GDC, penadepok.com – Ribuan warga Kota Depok tumplek jadi satu di acara peresmian Alun-Alun Kota Depok yang berlokasi di Jalan Raya Boulevard Grand Depok City (GDC), Cilodong, Kota Depok, Minggu (12/01/2020).

Peresmian Alun-Alun Kota Depok oleh Wali Kota Depok Mohammad Idris ditandai dengan pemukulan gendang secara bersama oleh Wakil Wali Kota Depok Pradi Supriatna, Dandim 0508/Depok Kolonel Agus Isrok Mikroj, Kapolres Depok Kombes Azis Andriansyah serta Wakil Ketua DPRD Kota Depok Yeti Wulandari.

Dikatakan Wali Kota Depok, Mohammad Idris, pembangunan Alun-Alun Kota Depok ini dilakukan secara bertahap. Untuk tahap pertama dimulai pada tahun 2018 dan pembangunan tahap kedua dilakukan tahun 2019.

“Alhmadulillah….awal tahun 2020 ini Alun-Alun Kota Depok selesai pembangunannya dan hari ini, Minggu (12/01/2020) diresmikan,” ujar Mohammad Idris.

Dikatakan Idris, untuk pembiayaan pembangunan alun-alun dari tahap awal hingga akhir, pihaknya menyediakan anggaran Rp 160 Miliar. Anggaran tersebut, jelas Idris, murni menggunakan APBD Kota Depok.

“Hampir Rp 160 miliar untuk kontruksi. Kalau tanah beda lagi. Keseluruhan 200 miliar, APBD murni,” jelasnya.

Sedangkan Wakil Wali Kota Depok, Pradi Supriatna mengatakan, Alun-Alun kota Depok yang baru saja diresmikan tersebut menyediakan berbagai sarana. Diantaranya sarana olahraga, sosial, budaya dan fasilitas lainnya untuk masyarakat Depok.
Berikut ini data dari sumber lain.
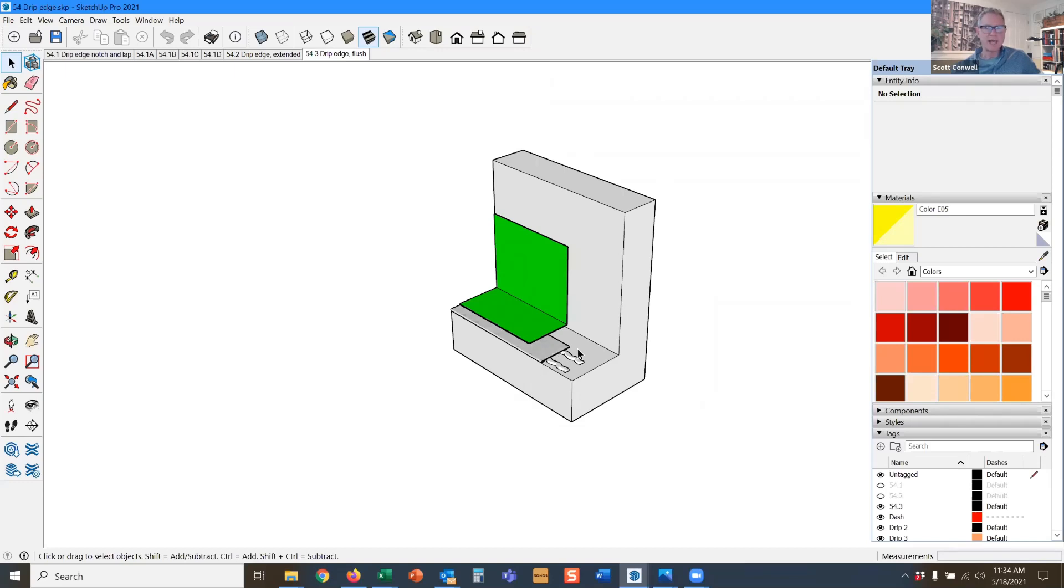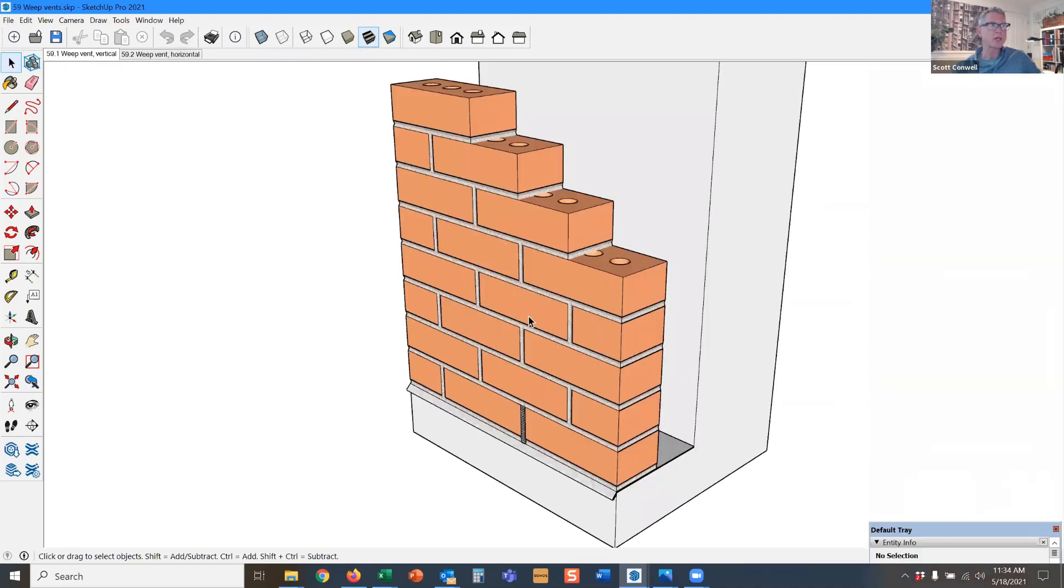You just can't hold it back. Concealed flashing is something that the code does not allow, but the code does allow flush.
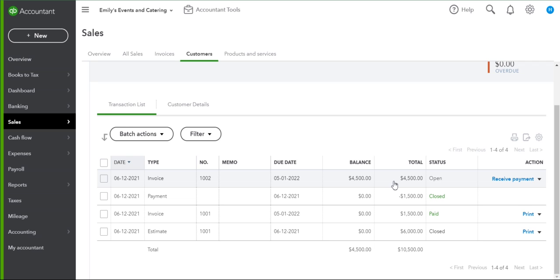And that's how you can bill customers for a deposit without losing track of the original amount you quoted by using estimates and invoices.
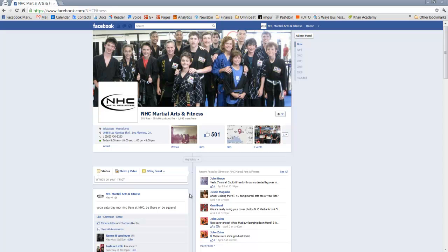A Facebook milestone is an opportunity to showcase a historical event on your fan page.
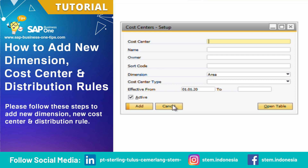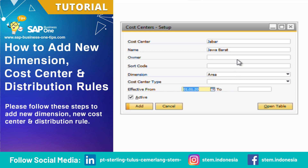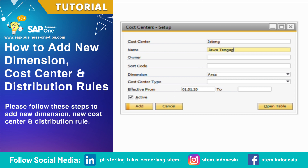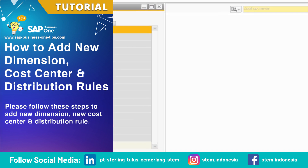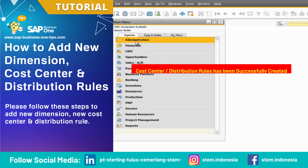In this video I will give an example of three cost centers. Cost center and distribution rules have been successfully created.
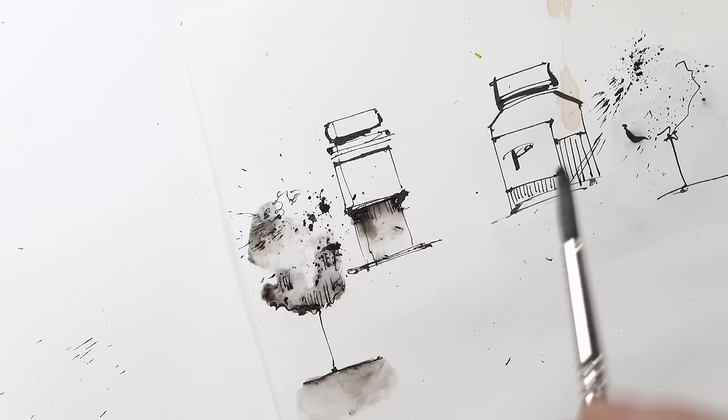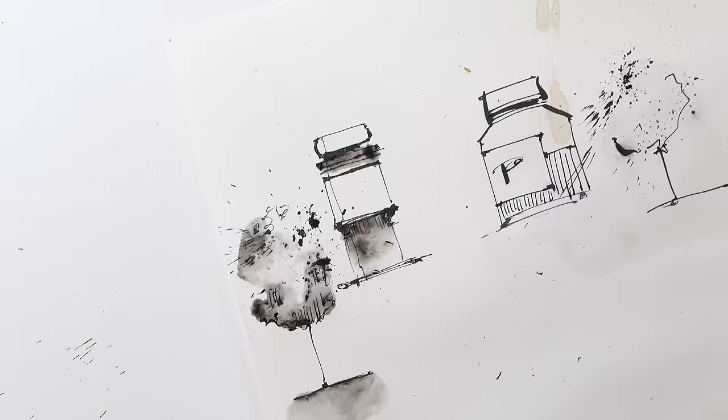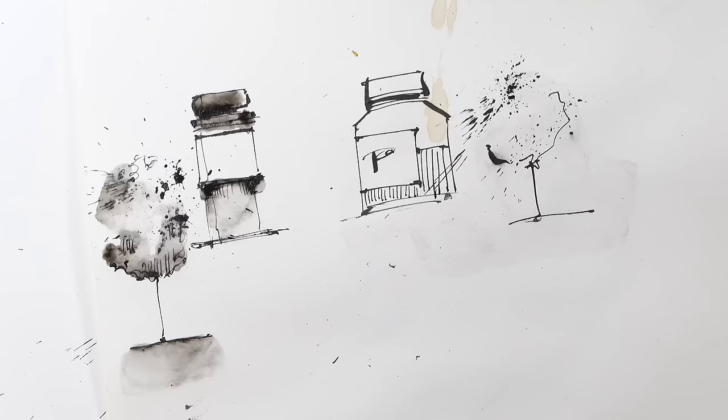And here you see it's not waterproof, but of course we can use it for some special effects, as well as here for the shadows. But of course you should know which ink you are using. And of course now I will do a drawing with this water-soluble ink.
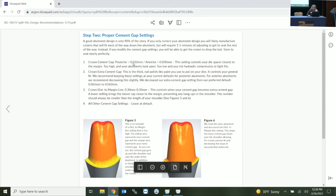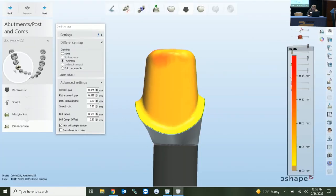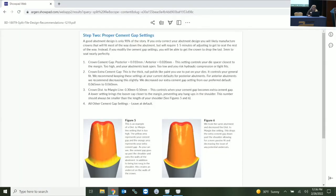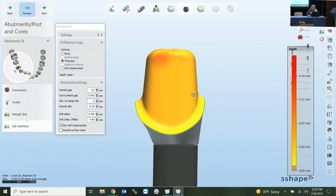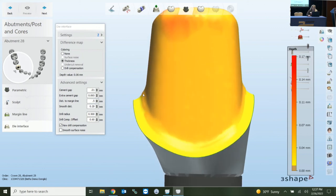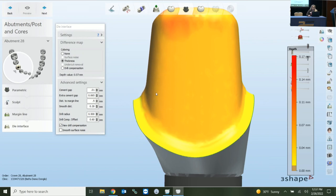The document breaks settings up into posterior and anterior, and breaks down extra cement gap and distance to margin. Back in the design, extra cement gap is 0.01 and extra cement gap is 0.065 — that's a good setting. Previewing, you can see it drops the extra cement gap to allow more room in those critical areas. If your crown is not seating and is raised about half a millimeter, most of the time it has to do specifically with the shoulder area.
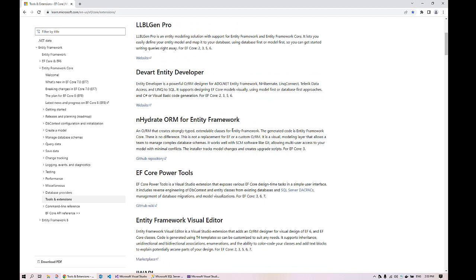A little brief about Entity Framework Core: as most of you might know, Entity Framework Core is an ORM (object relational mapping) framework that helps us represent a database into an object-oriented programming model in the .NET Core ecosystem, thus helping us interact and perform CRUD operations on relational databases without any hassle. Entity Framework Core brings a higher level of abstraction and helps in creating data-oriented applications with less code in a much more efficient way. So let's get started.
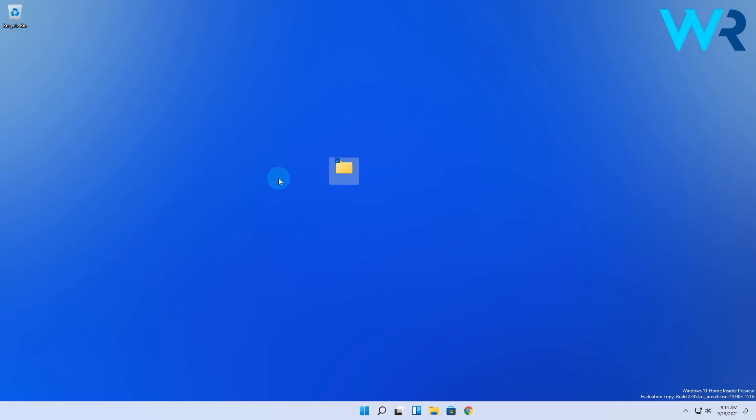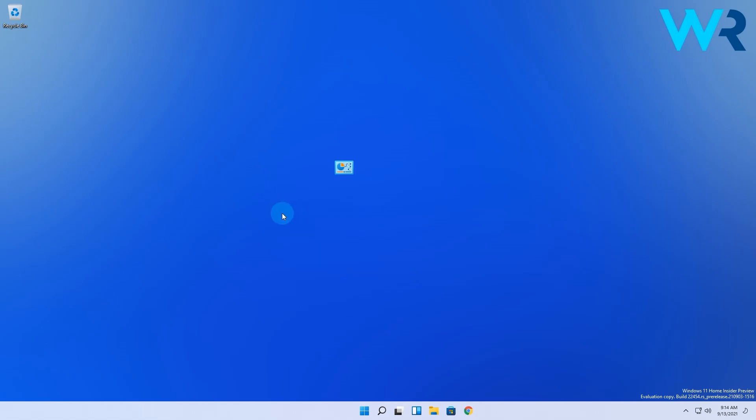Now you will see something strange will happen as you will only have the folder icon with no name but don't panic. Simply right-click on your desktop and select the refresh button.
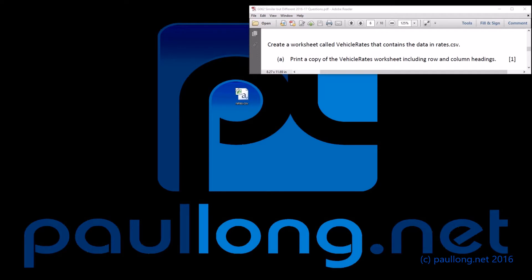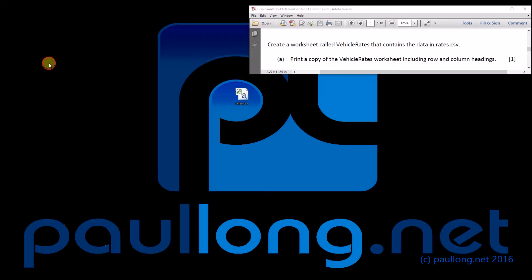So this is task two, we're still on part one, and we're looking at part A where we're asked to create a worksheet called vehicle rates that contains the data in rates.csv. So here's rates.csv, we'll take that into a spreadsheet.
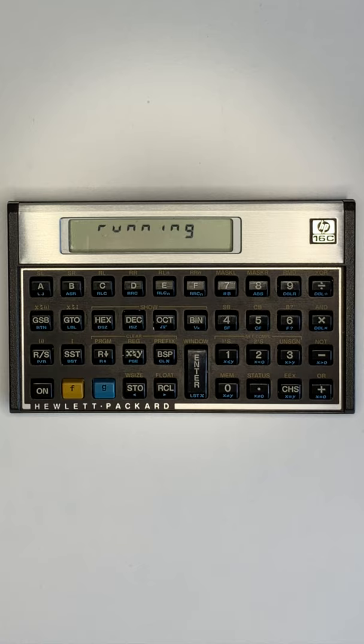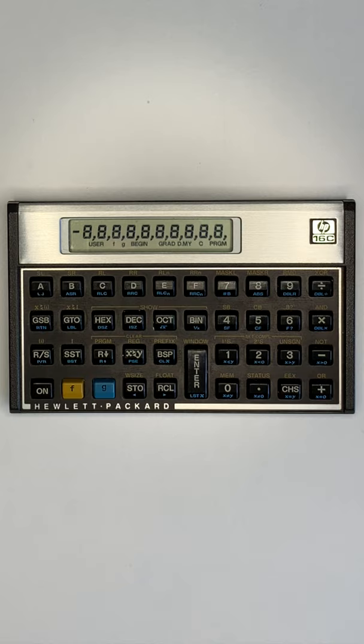such as AND, OR, exclusive OR, shift, and mask functions with a configurable word size from 1 to 64 bits. The HP-16C was part of the HP Voyager Calculator series.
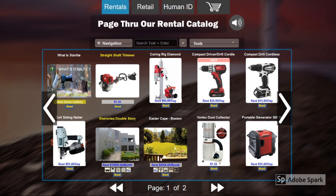Scrolling down the demo web page you will come across the Starlight's powerful retail and rental catalog. I will discuss this further in a later update of this video as well as some other interesting features found when scrolling down.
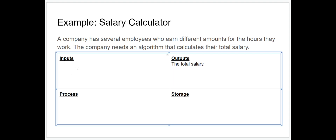Now let's think about our inputs. We're going to have two different inputs for this algorithm. The first one is the number of hours the employee worked — since they may be full-time or part-time, or work different numbers of hours, we need to know the number of hours they work in order to calculate their total salary.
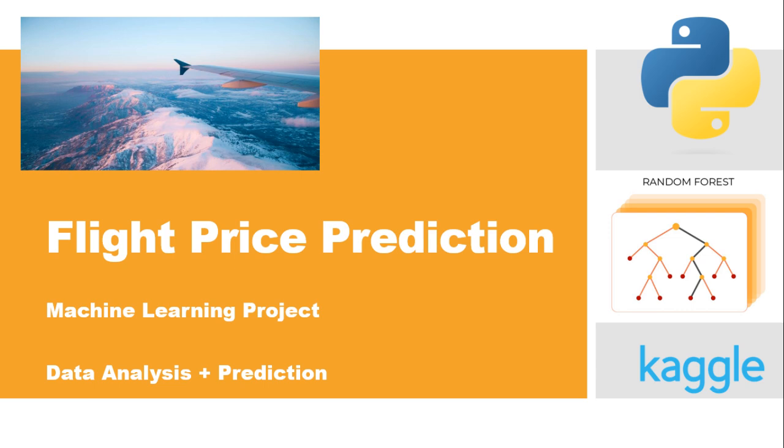Hello everyone, welcome back to another exciting video on our channel. Today, we'll explore a fascinating Kaggle project where we predict flight prices using machine learning.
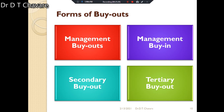The fourth form is tertiary buyout, where the acquired company in a secondary buyout gets sold to another company or financial sponsor — that is called a tertiary buyout. These are the four forms of buyouts, and there are successful examples of buyouts in India.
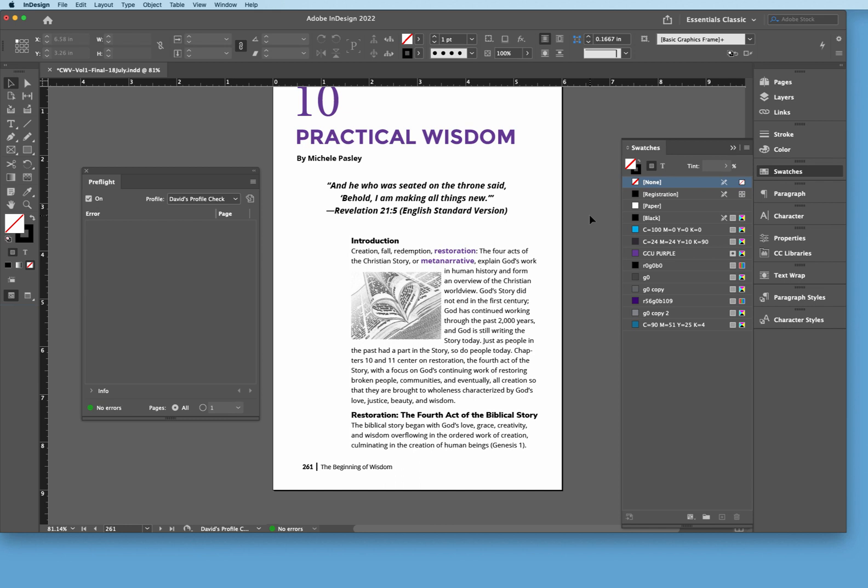So there you have it, working in InDesign with the custom defining profiles.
“Seluruh fasilitas ini untuk masyarakat Depok dan ini merupakan pemenuhan janji kampanye kami. Dan sampai saat ini sudah 90 persen janji (kampanye) kami sudah selesaikan. Dan sisanya akan segera kami selesaikan,” kata Pradi Supriatna.

Disamping hiruk pikuk masyarakat Depok saat menikmati alun – alun yang baru saja diresmikan, masih ada suara – suara sumbang tentang lokasi dibangunnya alun – alun ini.

Lokasi di GDC dianggap tidak adil bagi warga yang tinggal di wilayah barat, karena letaknya jauh masuk di dalam komplek perumahan.

Seharusnya alun – alun itu berada di tengah kota dan dekat dengan kantor pemerintahan, misalnya lokasi bekas terminal lama.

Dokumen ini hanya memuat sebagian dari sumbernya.